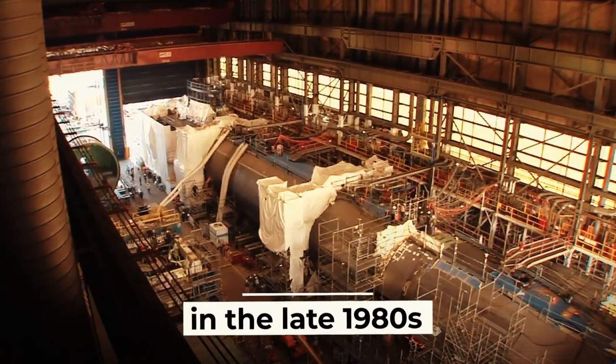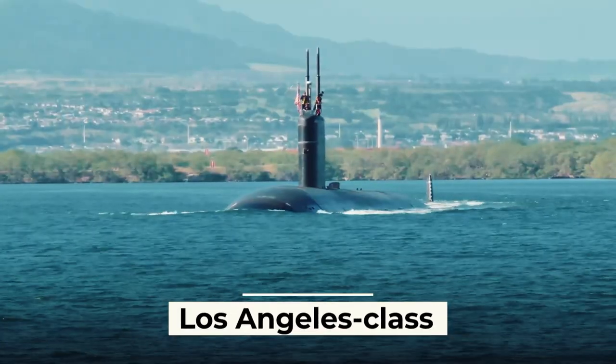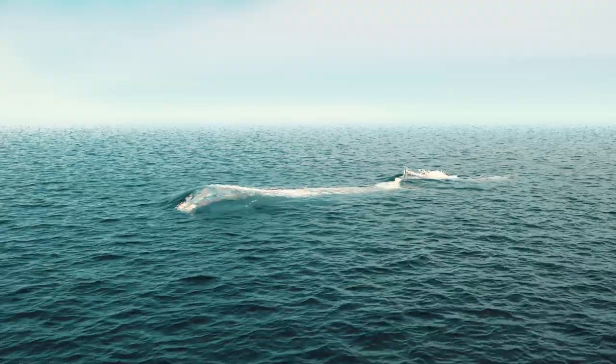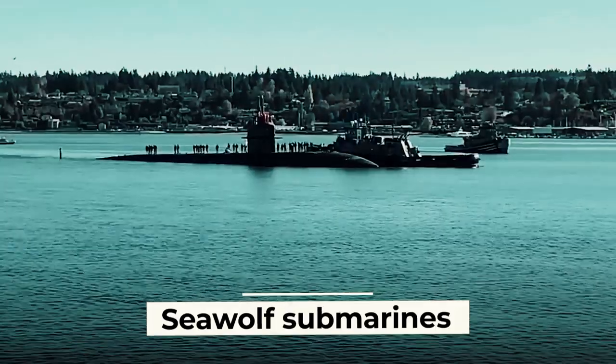The design of the Virginia-class multipurpose nuclear-powered submarine began in the late 1980s. Initially, the Virginia-class submarines were planned to replace the Los Angeles-class submarines, which was eventually realized. The US Navy leadership had also planned to replace the Los Angeles-class with Seawolf submarines, but soon abandoned this idea.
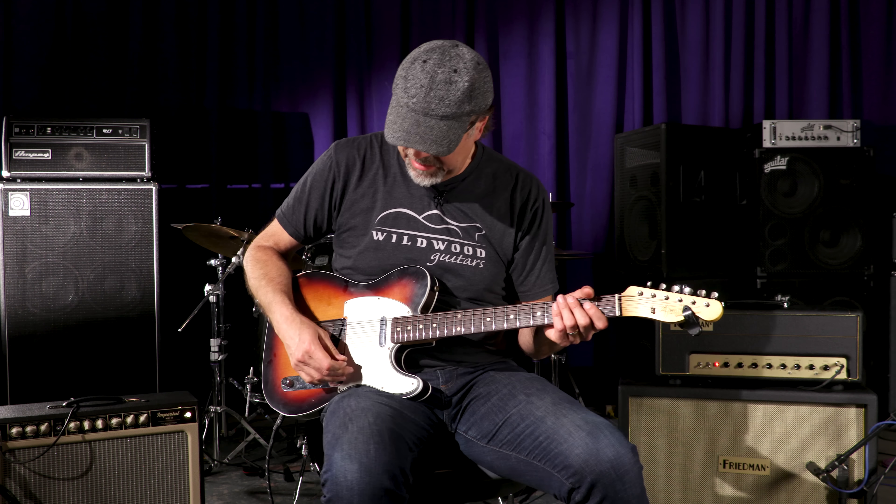You just heard the neck pickup. Let's hear both pickups together, shall we? See what the heck we've got going down here.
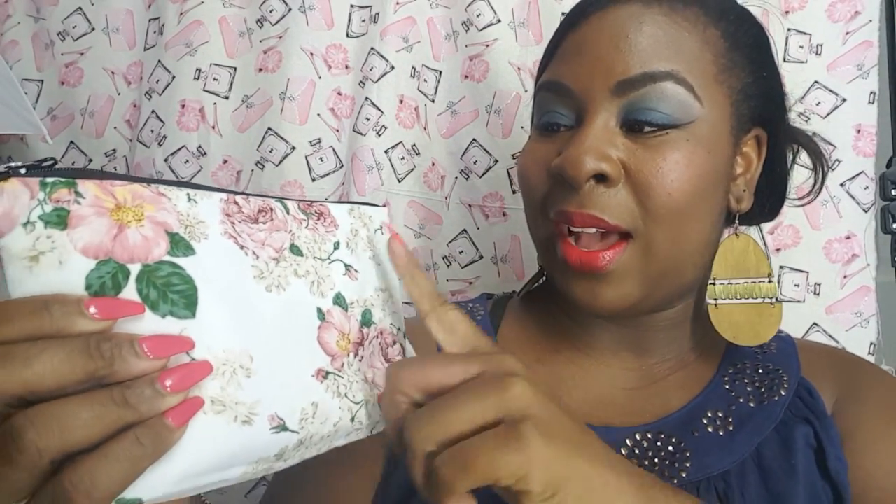This is the bag that it comes in, and of course everybody already knows I love this bag. The Flower Prince design is just me all day. It's black on the inside and it has a lot of room — these bags are a lot bigger than the Ipsy bags.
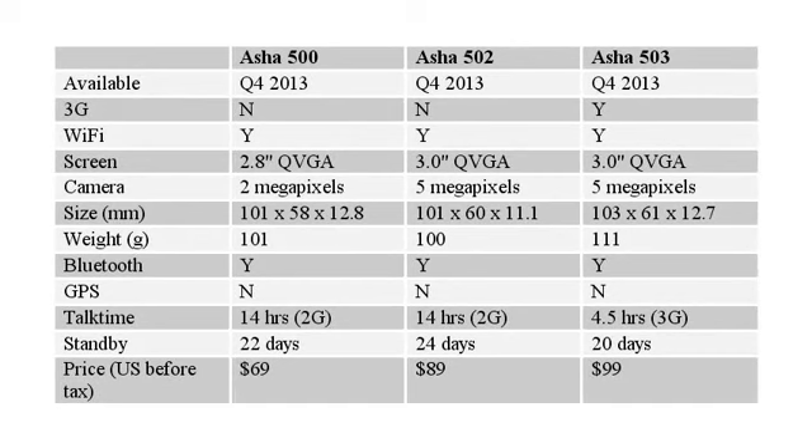Slated to be available during Q4, the Nokia Asha 500, 502 and 503 will be available in Africa, Asia-Pacific, Europe, Latin America and the Middle East.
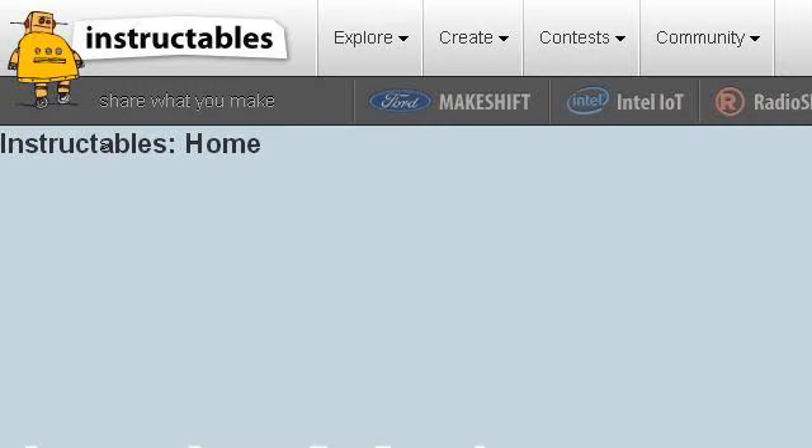Try also our second-ranked site www.instructables.com, especially the page 'Instructables: DIY How to Make Instructions.' This is the link.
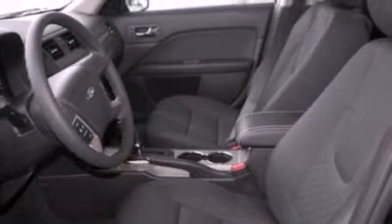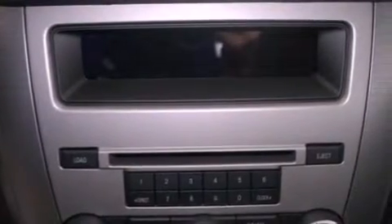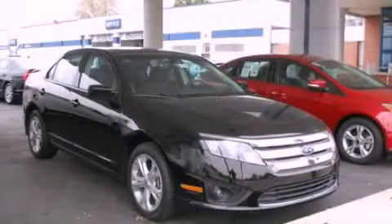With an EPA estimated rating of 33 miles per gallon on the highway, it doesn't compromise fuel efficiency for size, comfort, or fun. This vehicle won't last long at this price — call and arrange a test drive now.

What this task involves :: Copy exactly the lines from the one containing "You just heard" through the last line of the records above, including both, and omit every picture.

Task answer ::
You just heard the neck pickup. Let's hear both pickups together, shall we? See what the heck we've got going down here.
This is the bag that it comes in, and of course everybody already knows I love this bag. The Flower Prince design is just me all day. It's black on the inside and it has a lot of room — these bags are a lot bigger than the Ipsy bags.
Slated to be available during Q4, the Nokia Asha 500, 502 and 503 will be available in Africa, Asia-Pacific, Europe, Latin America and the Middle East.
Try also our second-ranked site www.instructables.com, especially the page 'Instructables: DIY How to Make Instructions.' This is the link.
With an EPA estimated rating of 33 miles per gallon on the highway, it doesn't compromise fuel efficiency for size, comfort, or fun. This vehicle won't last long at this price — call and arrange a test drive now.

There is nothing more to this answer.